What blood tests help to determine if this is a concern for me?

It is important to screen for both circulating Iron in your body as well as Iron stores. Recall – if the amount of iron needed is reached, iron can be stored in the body. Some tests to ask your doctor about include an Iron Panel as well as the storage indicator Ferritin.

As with any laboratory value, there are “normal” levels and “optimal” levels. Because of this, it is important to get these values checked regularly and discuss with your doctor if this may be contributing to some of your concerns.

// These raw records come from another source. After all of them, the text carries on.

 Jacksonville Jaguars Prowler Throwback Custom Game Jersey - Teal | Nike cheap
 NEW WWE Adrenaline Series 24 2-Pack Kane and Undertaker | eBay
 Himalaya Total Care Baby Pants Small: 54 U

How can I boost my Iron levels?

Diet is a huge source of our intake of iron. Though animal-based iron is more readily absorbed and therefore more bioavailable, plants also serve as a great source of iron. Foods containing high amounts of iron include: organ meats such as liver, red meat, dark poultry meat, clams, seaweed, dark green leafy vegetables (kale, chard, spinach, broccoli), peas, legumes, seeds, and quinoa.

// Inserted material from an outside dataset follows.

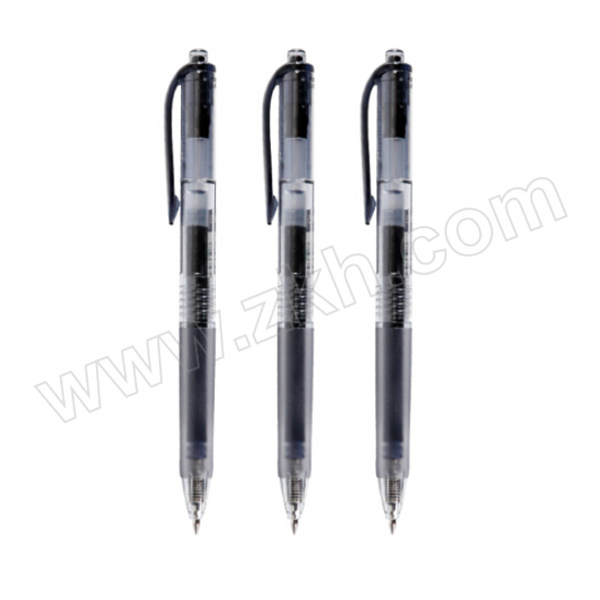UNI/三菱 按压式中性笔 UMN-105 黑色 0.5mm(替芯：UMR-85) 12支 1盒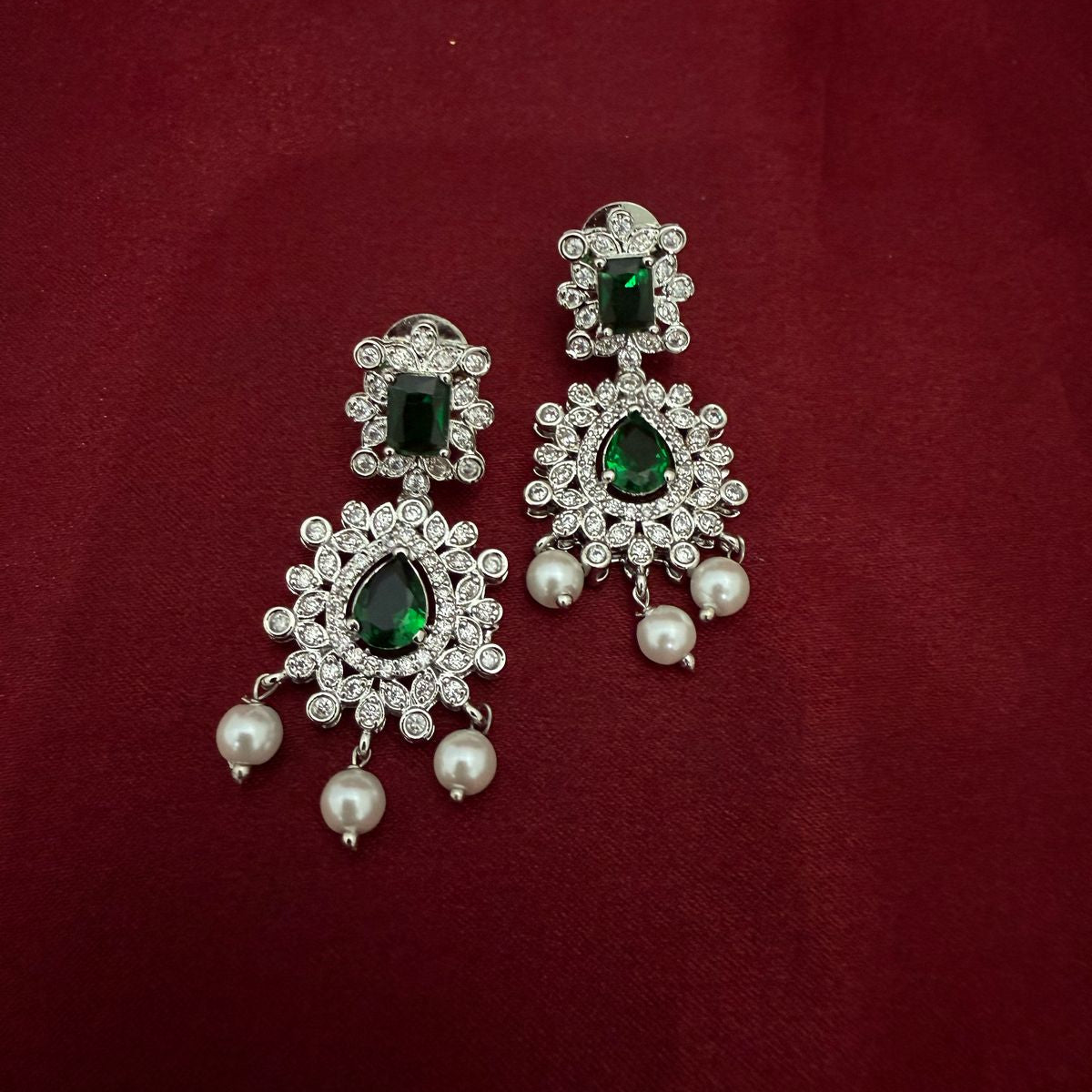 Classic Zircon Necklace Set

**  Consuming iron-rich foods with vitamin C can help improve bioavailability of the iron in the food
**  Try to avoid “iron-fortified” foods, as these contain inorganic iron that is lesser quality and can lead to gastrointestinal upset as well as promote oxidative stress in the body.

  • Supplementation is an additional way to ensure you are getting adequate amounts of Iron in daily, dependent upon your need. The amount of supplemented iron varies from individual to individual and therefore it is important to discuss this with your doctor. There are also many different forms of Iron available in supplement form and some are more absorbable and bioavailable than others.
  • Iron IVs – When vitamin and mineral status is very low in the body, it is often difficult and can take a significant amount of time to build these levels up. Intravenous Iron is a great tool to help provide a loading dose of Iron directly into the bloodstream that is then readily utilized by the body. I often accompany an oral supplementation regimen with a series of Iron IVs to helps support my patients and have received reports of rapid improvements in energy, stamina, mental clarity as well as reversal or hair loss.